Apple, minus the paranoid attention to fine tune design and function under the leadership of Steve Jobs, has reverted to the innovation of adding colors to the iPhone cases. Maybe someone really needs a 41-megapixel camera on a Nokia smartphone. Samsung's new innovation is a bended display; the screen is curved a little and displays information on different parts of the screen; so if you look at it from the side, you can see whether there is a notification. Or you could actually pick up the phone and look at the screen. The way some high tech companies pursue an innovative edge is through the patent courts, although I didn't hear if Icahn had anything to say about that tactic.

The average selling price of smartphones around the globe has been plunging this year and Qualcomm just warned a few weeks ago about a decline in high-end phone demand. The hot new idea is a watch. Dick Tracy had one of those 50 years ago, so it's about time someone got around to actually building one.

The hot new technology seems to be coming in the form of a Sony PlayStation; they sold one million in the first 24 hours of the rollout of a new model. Games, bread and circuses; all controlled by the flick of the opposable thumb. Forget about hunger, clean water, renewable energy. This is how we train the next generation of drone warriors.

Last week we talked about Judge Jed Rakoff's speech dealing with the reasons why bankers haven't gone to jail:

US attorneys and the Federal Bureau of Investigation have other priorities, whether it's antiterror cases, accounting frauds after Enron's bankruptcy, or Ponzi rip-offs after Bernard Madoff's huge scam. Financial frauds are particularly tough to crack, and many of the prosecutors with the requisite knowledge have been moved to other areas.

Law enforcement agencies have had to compete for a shrinking pot of money from Congress, and the best way to do that is by beefing up their statistics with smaller, easier cases and avoiding the years-long financial fraud probes that may turn up nothing.

The federal government's involvement in the mid-2000s bubble, deregulating the financial industry, keeping interest rates low and such, may also have given prosecutors pause.

The US has shifted over the last 30 years from prosecuting high-level individuals to using delayed-prosecution agreements to settle cases against entire companies. That shift “has led to some lax and dubious behavior on the part of prosecutors," Rakoff said, including allowing managers to sweep crimes under the rug.

But the public at large is not happy with the banksters; witness last week's planned Twitter Q&A session planned by none other than JPMorgan. JPM execs thought it would be way cool to have a Twitter session on the topic of “What carreer advice would you ask a leading exec at a global firm? Tweet a Q using #AskJPM.

So people sent their questions and comments.

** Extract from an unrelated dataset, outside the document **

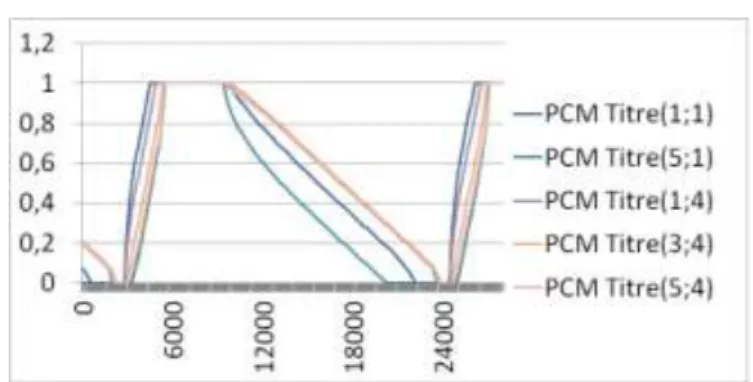 Figure 22: Temperatures inside the PCM: nodes 1,4 -  5,4 - 3,4 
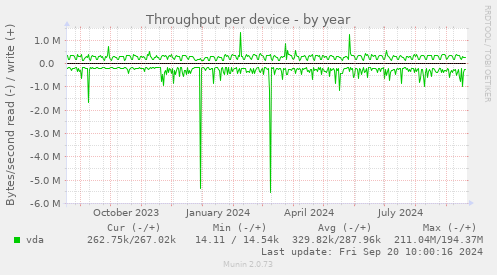 Throughput per device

Here's a sampling:

I have Mortgage Fraud, Market Manipulation, Credit Card Abuse, Libor Rigging and Predatory Lending AM I DIVERSIFIED?

Can I have my house back?

Did you always want to be part of a vast, corrupt criminal enterprise or did you "break bad"?

Is the fact that you've paid over half a billion in fines since August a source or pride, or are you embarrassed it's not higher?

What's it like working with Mexican drug cartels? Do they tip?

When Jamie Dimon eats babies are they served rare? I understand anything above medium-rare is considered gauche.

Is it the ability to throw anyone out of their home that drives you, or just the satisfaction that you know you COULD do it?

Is it easier to purchase a congressional representative or a senator?

How much does JPM spend every year buying off members of the SEC, and what is the average rate?

Did you have a specific number of people's lives you needed to ruin before you considered your business model a success?


After about 7 hours, JPM realized they had lost control and the bank pulled the plug on the social media event.